The Fixed Income Fund's net investment income is declared daily as a
dividend to shareholders of record at the close of business on the day of
declaration. The Fixed Income Fund expects to distribute at least once each year
any net realized short- and long-term capital gains. Shareholders of the Fixed
Income Fund will automatically receive all income dividends and capital gains
distributions in cash, unless the shareholder elects to receive such dividends
and distributions in full and fractional shares of the same class.
The net investment income of the Bond Portfolio is declared monthly as a
dividend to investors who are shareholders of the Bond Portfolio at the close of
business on the day of declaration. Net realized capital gains (including net
short-term capital gains), if any, will be distributed by the Bond Portfolio at
least annually. All distributions are reinvested at net asset value in the form
of additional full and fractional shares of the same class of the Bond Portfolio
unless an investor elects to receive such dividends and distributions in cash.
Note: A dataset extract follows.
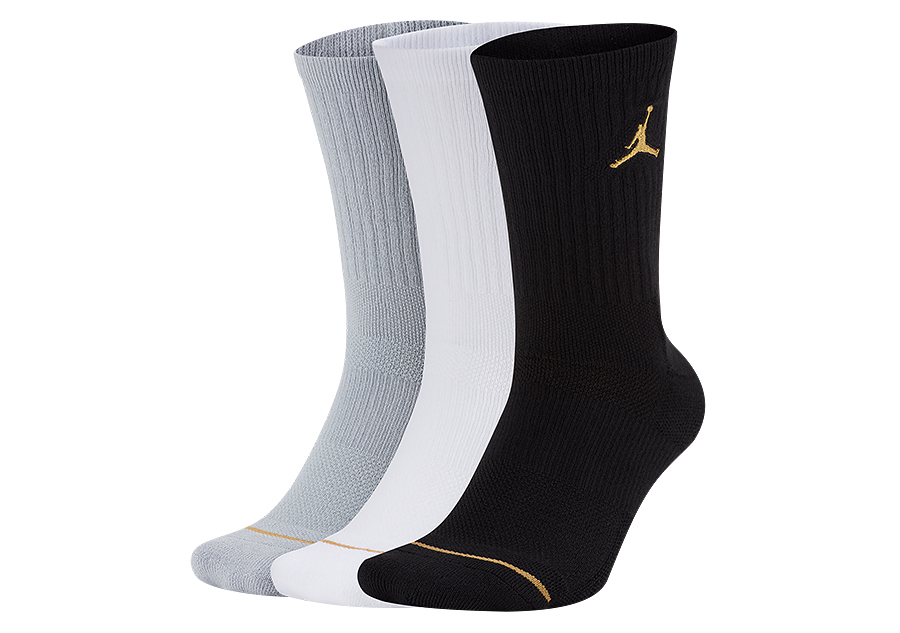 black air jordan socks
Valuation of securities held by the Fixed Income Fund is as follows:
portfolio securities for which market quotations are readily available (other
than debt securities with remaining maturities of sixty days or less) are valued
at the mean between the most recent quoted bid and asked prices provided by
investment dealers; unlisted securities for which market quotations are readily
available will be valued at the most recent quoted bid price; other securities
and assets for which market quotations are not readily available, including
restricted securities and other debt obligations purchased in private
transactions, are valued at their fair value in the best judgment of PIMC under
procedures established by, and under the supervision of, the Trust's Board of
Trustees; and debt securities with maturities of sixty days or less are valued
on an amortized cost basis (unless the Board determines that such basis does not
represent fair value at the time).
Valuation of securities held by the Bond Portfolio is as follows:
securities traded on a national securities exchange or on the NASDAQ National
Market System are valued at the last reported sale price that day; securities
traded on a national securities exchange or on the NASDAQ National Market System
for which there were no sales on that day and securities traded on other
over-the-counter markets for which market quotations are readily available are
valued at the mean of the bid and asked prices; an option or futures contract is
valued at the last sales price prior to 4:00 P.M. (Eastern Time), as quoted on
the principal exchange or board of trade on which such option or contract is
traded, or in the absence of a sale, the mean between the last bid and asked
prices prior to 4:00 P.M. (Eastern Time); and securities for which market
quotations are not readily available are valued at fair market value as
determined in good faith by or under the direction of PNC Fund's Board of
Trustees. The amortized cost method of valuation will also be used with respect
to debt obligations with sixty days or less remaining to maturity unless the
investment adviser and/or sub-adviser under the supervision of the Board of
Trustees determines such method does not represent fair value.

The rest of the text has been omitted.